日本医療マネジメント学会愛媛支部長 櫃本真聿
  〜緊急時に備えた 平常時の地域包括ケアシステム構築へのマネジメント〜
当支部活動は10年という一時代を経過し、その成長を振り返るとともに、世の中の急速な変化に対応すべく、その役割の大きさを改めて感じております。そして地域包括ケア時代の医療マネジメントに日々ご尽力いただいている皆様に心から感謝と敬意を表すると共に、今後のますますのご活躍を祈念する次第です。 第11回となる2020年度の学術集会は、大会テーマに「病院(医療施設)の地域貢献」を掲げられ、11月14日(土)に、宮岡弘明院長のもと済生会松山病院において開催することとしております。地域包括ケア時代の医療の在り方として、医療機関が地域にアウトリーチをかけ、地域づくりに積極的に参画し、特に住民のセルフケアの向上や地域力を引き出すなど「地域貢献」に取組むことが期待されています。当学会のこれまでを振り返りさらなる活動の充実に向けて、極めて時期を得たテーマであり、私自身皆様ともに、「王道の医療」について議論できることを心から楽しみにしております。 さて新型コロナウイルス旋風による、我が国をパニックに追い込んだ地球規模のこの非常事態。公衆衛生を専門としてきた私にとって、「水際作戦」「封じ込め作戦」の限界を痛感させられる一方で、セルフケアの重要性を再確認いたしました。エボラ出血熱など世界に脅威を与えてきた感染症であっても、結局は5S活動(整理・整頓・清掃・清潔・躾)が基本であり、一人一人の感染症基本原則を励行するセルフケア意識が最大の予防策であることは、これまで何度も強調されています。
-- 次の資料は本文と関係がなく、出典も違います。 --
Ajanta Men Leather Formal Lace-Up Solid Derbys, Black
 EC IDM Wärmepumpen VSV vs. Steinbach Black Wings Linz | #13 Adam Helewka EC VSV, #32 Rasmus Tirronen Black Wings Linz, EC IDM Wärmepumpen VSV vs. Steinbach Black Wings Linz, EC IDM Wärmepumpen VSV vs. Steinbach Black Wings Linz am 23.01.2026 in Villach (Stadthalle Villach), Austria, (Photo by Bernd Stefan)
「COVID-19」による感染者が海外に比べ少なかった要因は、日本人の培ってきた清潔意識や行動が功を呈したことは間違いありません。また「医療崩壊」が懸念され、専門医療体制の充実だけでなく、かかりつけ医等による日頃の健康管理ケア等の生活支援ネットワークの重要性についても、考える機会となりました。だからこそ、  またわが国の救急出動件数は年々増加し、特に75 歳以上の救急搬送者数は増加の一途を辿り、救急体制崩壊の要因として指摘されています。救急医療体制を持続可能な状態にするためには、緊急時に迅速かつ適正な対応がとれるよう、平常時から本人や家族の理解と協力のもと、関係機関が協働して整備しておく必要があります。かかりつけ医等の住民の暮らしを身近で支えているネットワークと医療・介護機関等が、行政や住民組織他と連携して患者情報を共有し、急変時に取るべき対応を日常的に把握し、悪化の可能性を継続的に予測しながら寄り添っていくことが大切です。 平常時の体制として構築される地域包括ケアシステムは、セルフケア向上と地域力のエンパワーにより、感染症パンデミックのような緊急時においても、大きな力を発揮するはずです。緊急時を想定しながら、地域包括ケアシステムを構築していくことで、システム自体の深化も図られていくのだと思います。住み慣れた地域で安心して暮らせるまちづくりを実現するために、住民の意識変革を図りながら、平常時から医療マネジメント機能を発揮して、緊急時にも活かせる地域づくりを重視した、医療の地域貢献活動に取組むことが、我々の使命であると改めて感じています。当学会がその一役を果たせるよう、今後とも皆様のご理解ご支援を賜りたいと存じます。